Meine sehr geehrten Damen und Herren von der AfD-Fraktion, auch wir wollen eine ressortübergreifende Abstimmung zu der Reform. Auch wir wollen eine möglichst umfassende Einbindung der Betroffenen. Auch wir wollen und werden uns die finanziellen Auswirkungen sehr genau ansehen. Auch wir wollen diese Reform transparent gestalten. Aber ich frage Sie: Ist hierfür wirklich die Einsetzung eines Sonderausschusses notwendig? Wir - ich beantworte Ihre Frage - sehen diese Notwendigkeit derzeit nicht.

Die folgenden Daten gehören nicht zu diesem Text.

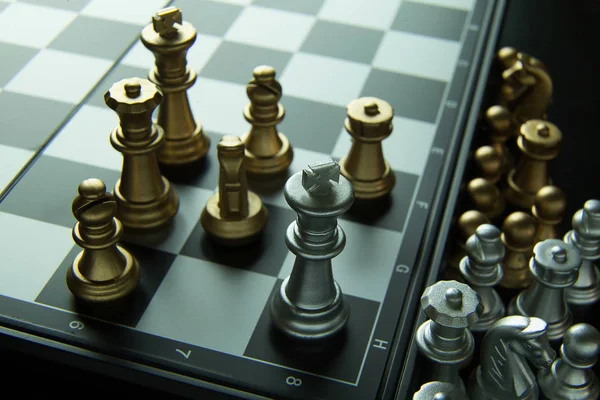金と銀のチェス ボード上のイメージに近い抽象的な背景があります。 — ストック写真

Der Landtag hat für die anstehenden Reformvorhaben bereits eine gute Vorarbeit geleistet. Im März 2011 - Sie haben es eben erwähnt - hat die Enquetekommission mit der Bezeichnung „Kommunal- und Landesverwaltung - bürgernah, effektiv und zukunftsfest“ ihre Arbeit begonnen. Ihr gehörten übrigens nicht nur sieben Mitglieder des Landtags an, sondern auch sieben externe Sachverständige. Unter ihnen waren auch die Vertreter der kommunalen Spitzenverbände Brandenburgs. Die Kommission hat - dies nur einmal in Zahlen - 26 öffentliche Sitzungen und zwei Klausurtagungen durchgeführt, über 75 Experten gehört sowie den Gesamtbestand aller Aufgaben, auch deren horizontale und vertikale Verteilung, analysiert.

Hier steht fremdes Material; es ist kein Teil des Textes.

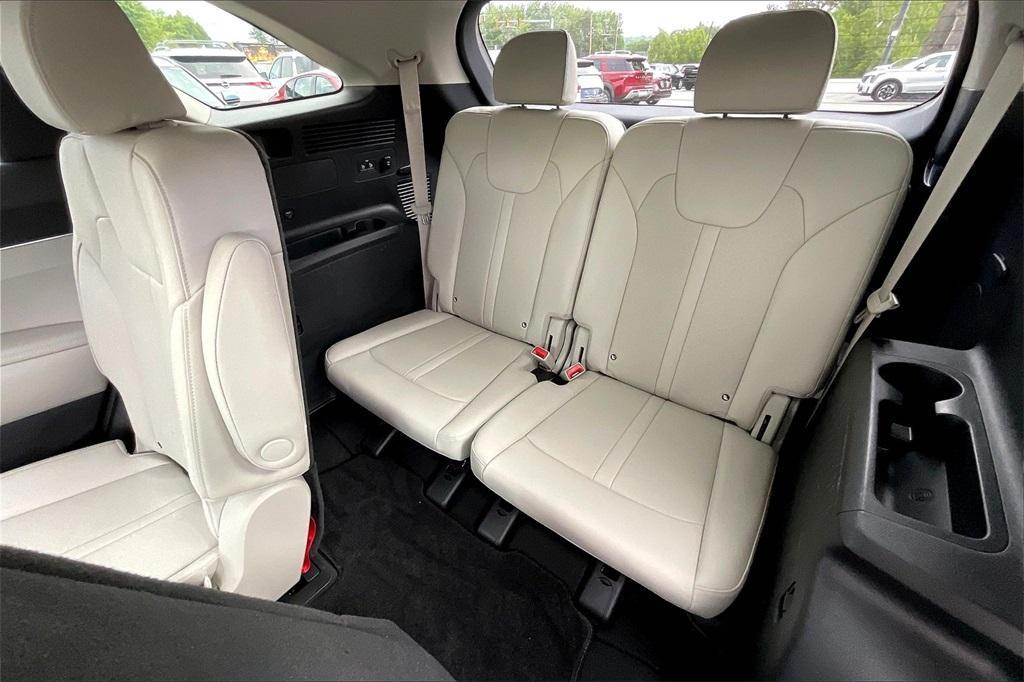 used 2022 Kia Sorento Hybrid car, priced at $24,844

Frau Kollegin Bessin, Sie fordern vertiefende Gutachten zur Auswirkung der Einkreisung der Städte. Es liegen seit etwa zwei Wochen drei Gutachten vor, unter anderem zu den finanziellen Auswirkungen. Die breit angelegte Diskussion und Beteiligung hat unterschiedliche Sichtweisen und Erfahrungen verdeutlicht. Auf den Abschlussbericht der Kommission sei verwiesen. Er enthält auch die Sondervoten einzelner Mitglieder.

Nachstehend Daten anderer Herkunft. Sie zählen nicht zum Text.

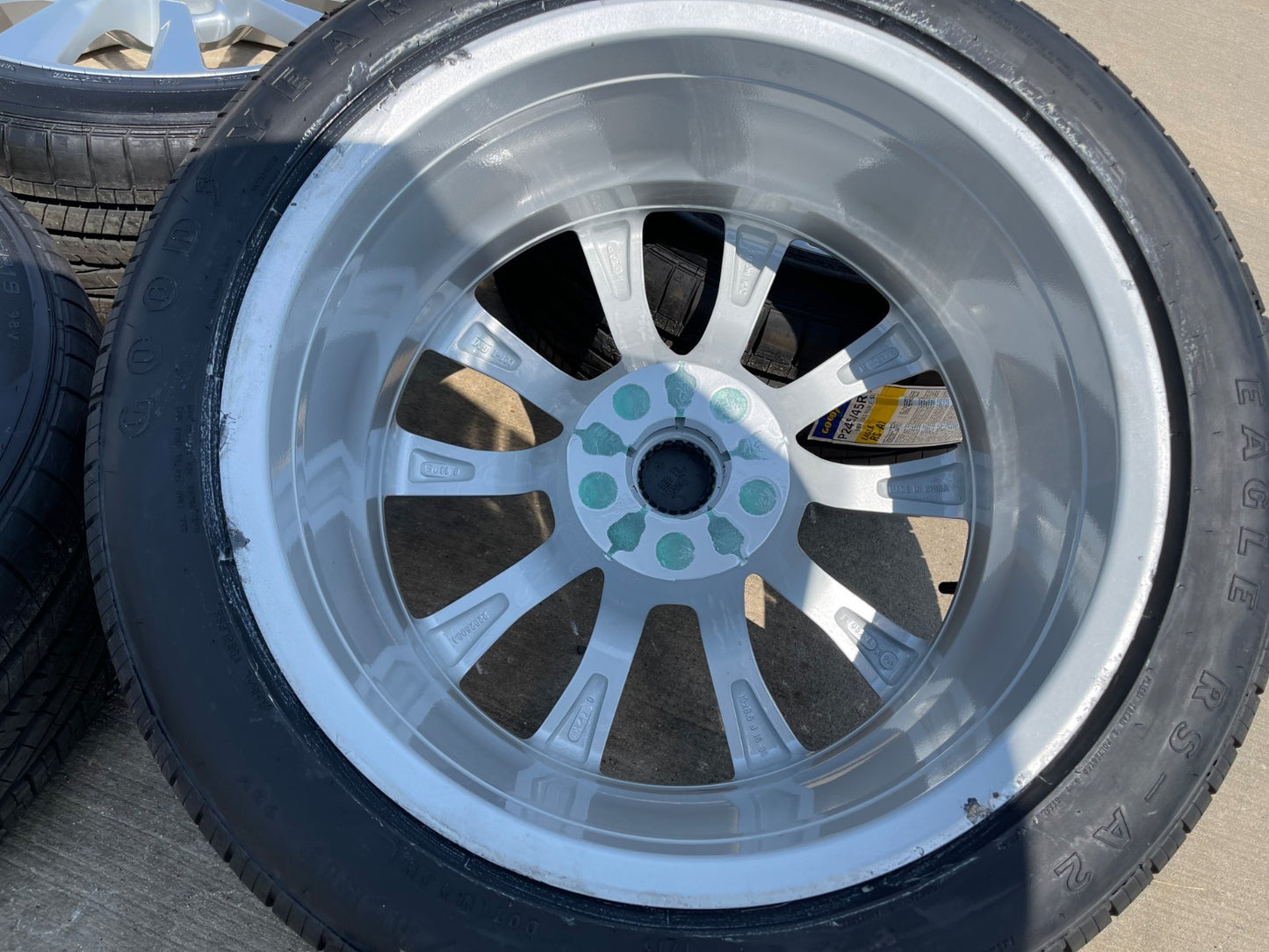 19" Cadillac XTS CT5 CT6 Platinum OEM 4729 wheels rims SET GOODYEAR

Die Arbeit der Kommission hat zur Steigerung des Problembewusstseins und zur Steigerung der Reformbereitschaft auf allen Ebenen beigetragen. Auf diese gute Vorarbeit werden wir aufbauen, und diese Arbeit wird - so stellen wir es uns jedenfalls vor - von dem hierfür zuständigen Innenausschuss des Brandenburger Landtags fortgeführt werden. Natürlich wird er nicht alle Fragen allein erörtern und beschließen können, sondern gleichwohl die anderen Fachausschüsse einbinden. So wird es sicherlich gemeinsame Anhörungen und gemeinsame Beratungen der mitberatenden Ausschüsse geben, und diese werden sicherlich in die Entscheidungsfindung einfließen. Der
So hat der Landtag bisher gearbeitet, und diese Arbeitsweise werden wir fortsetzen. Um inhaltlich fundiert, ressortübergreifend und transparent zu arbeiten, bedarf es nicht der Schaffung eines Sonderausschusses, wie ihn die AfD-Fraktion fordert. Und wenn wir ehrlich sind: Wer wären denn diejenigen, die in einem solchen Sonderausschuss mitarbeiten würden? Es wären doch die gleichen Abgeordneten, die bereits im Innenausschuss und in den mitberatenden Ausschüssen vertreten sind.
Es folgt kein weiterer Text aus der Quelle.